Monday, September 17, 2007

Monday, Sept 17

And so begins another week. I didn't train over the weekend, too much going on and logistically impossible. That really shouldn't happen, but it did. So that's something to think about and work on. My eating was pretty good, not stellar, but not completely down the tubes. I felt good about it- not overwhelmed or terrified of calories. Honestly, there was too much drinking. THAT has to stop.

I got my hands on The New Rules of Lifting. A great book and one I intend to employ in my workouts. Lifting is the thing. For the intense amount of time, the benefits are extremely great. Nonetheless, it's all very good.
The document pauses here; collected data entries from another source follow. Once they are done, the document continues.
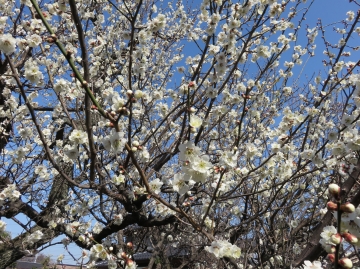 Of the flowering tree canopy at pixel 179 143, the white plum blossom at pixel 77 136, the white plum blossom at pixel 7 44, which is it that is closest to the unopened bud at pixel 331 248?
the flowering tree canopy at pixel 179 143

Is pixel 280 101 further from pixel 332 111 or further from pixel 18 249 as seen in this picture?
pixel 18 249

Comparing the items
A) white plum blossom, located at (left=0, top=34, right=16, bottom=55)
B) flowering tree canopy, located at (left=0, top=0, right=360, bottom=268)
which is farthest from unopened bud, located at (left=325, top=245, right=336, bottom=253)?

Tomorrow I weigh in and I'll meaure myself too. I wore jeans this weekend which have looked better in the past, but they were comfortable to wear- so I'll take that.

Wednesday, September 12, 2007

Weds morning 9/12

I am keeping pretty well on track here. It's an adjustment. The temptation for sugar is great. When my days are long and hard as school the vending machine calls to me. Yesterday I decided to succumb. To my initial frustration and ultimate delight, the machine would not take my money- so instead I took the stairs. The craving quickly subsided and I could forget about it.

This is sort of how things have been going lately- getting pulled back from the brink. Close is close, as long as I don't trip over the line. Though all in all things are not bad. It helps that it's harvest time and the fruits and vegetables are looking so amazing. It's the dreary oatmeal winters that are hard.

This morning was 40 mins on the bike/trainer. I should really have gone for a run but I'm still afraid. I want to build up some more strength and cardio before I head out there. I miss it. My lab classes look over the WSide Hwy and the path that I love to run. It's a good daily reminder of where I want to go.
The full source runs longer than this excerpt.